Guanyu Xu is a Chicago-based artist working in photography and installation. Born in Beijing, Xu moved to the United States where he earned his BFA from the School of the Art Institute of Chicago. He is a recipient of the Fred Endsley Memorial Fellowship, a finalist for the Lucie Foundation Emerging Artist Scholarship and a finalist for the Luminarts Cultural Foundation Visual Arts Fellowship. Xu’s work examines issues of homophobia, racism, xenophobia and cultural imperialism.

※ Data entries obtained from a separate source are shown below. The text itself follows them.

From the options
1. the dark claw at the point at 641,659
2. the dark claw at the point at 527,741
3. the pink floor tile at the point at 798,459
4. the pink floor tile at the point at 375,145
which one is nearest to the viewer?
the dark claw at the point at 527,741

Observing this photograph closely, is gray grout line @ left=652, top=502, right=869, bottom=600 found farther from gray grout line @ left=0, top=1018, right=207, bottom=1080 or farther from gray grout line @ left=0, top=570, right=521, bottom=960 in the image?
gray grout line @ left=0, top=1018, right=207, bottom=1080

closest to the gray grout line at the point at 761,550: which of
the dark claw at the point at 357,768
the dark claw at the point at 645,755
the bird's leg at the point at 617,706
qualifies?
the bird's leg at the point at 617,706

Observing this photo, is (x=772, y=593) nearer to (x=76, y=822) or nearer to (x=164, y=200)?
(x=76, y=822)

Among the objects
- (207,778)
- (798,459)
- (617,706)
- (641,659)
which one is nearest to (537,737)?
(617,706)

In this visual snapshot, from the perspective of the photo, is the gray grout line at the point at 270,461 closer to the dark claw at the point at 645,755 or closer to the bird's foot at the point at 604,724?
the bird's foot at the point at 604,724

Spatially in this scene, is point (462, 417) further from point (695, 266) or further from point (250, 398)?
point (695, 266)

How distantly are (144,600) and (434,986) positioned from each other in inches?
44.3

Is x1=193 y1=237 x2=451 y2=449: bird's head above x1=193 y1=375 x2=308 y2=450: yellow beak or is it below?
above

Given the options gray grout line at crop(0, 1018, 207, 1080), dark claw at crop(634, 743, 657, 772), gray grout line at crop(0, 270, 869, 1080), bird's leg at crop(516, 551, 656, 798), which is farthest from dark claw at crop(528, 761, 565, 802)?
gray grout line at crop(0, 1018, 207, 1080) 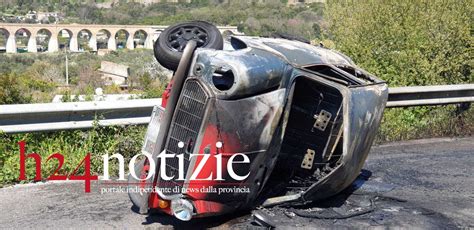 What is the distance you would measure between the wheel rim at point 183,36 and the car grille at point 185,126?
2.62 ft

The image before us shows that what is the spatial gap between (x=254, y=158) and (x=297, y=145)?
858mm

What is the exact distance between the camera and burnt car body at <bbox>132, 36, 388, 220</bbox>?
4.19 m

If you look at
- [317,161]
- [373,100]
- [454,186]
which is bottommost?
[454,186]

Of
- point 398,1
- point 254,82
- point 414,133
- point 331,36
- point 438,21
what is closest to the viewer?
point 254,82

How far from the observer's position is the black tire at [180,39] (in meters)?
4.86

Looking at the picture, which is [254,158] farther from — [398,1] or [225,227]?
[398,1]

“In my project, One Land To Another, I present my personal journey in the United States in a half documentary/half fiction narrative through photographic installations. I intersperse self-portraits of my staged death and American landscapes with images in which I perform acts of intimacy with other gay men. The presence of my Asian gay body disrupts the dominance of queer aesthetics which privilege a narrow, white, “masculine” homonormativity. Ultimately, the project offers an alternative representation of Asians that is seldom found in the mainstream.“

In “One Land To Another,” Xu utilizes mirrors, eye contact with the viewer, and tight camera angles to construct a narrative that presents moments of intimacy and longing, questioning who looks and is being looked at. These images are shaped by American generalizations of gay Asian men as both feminine and submissive. Xu’s presence in Blind Massage and Statues appears dominant and in control. In The Ideal Body, Sea, Immortality and Death in a Bathtub, Xu’s body questions western perceptions of the ideal nude.

Several non-descript photographs included in this project such as Surface, A Snow Day, and The Sun Is Bright And Warm contribute to the trajectory of the narrative by allowing the viewer to have a sense of the banal. These are placed throughout the series, often creating a public-versus-private, viewer-versus-subject perspective.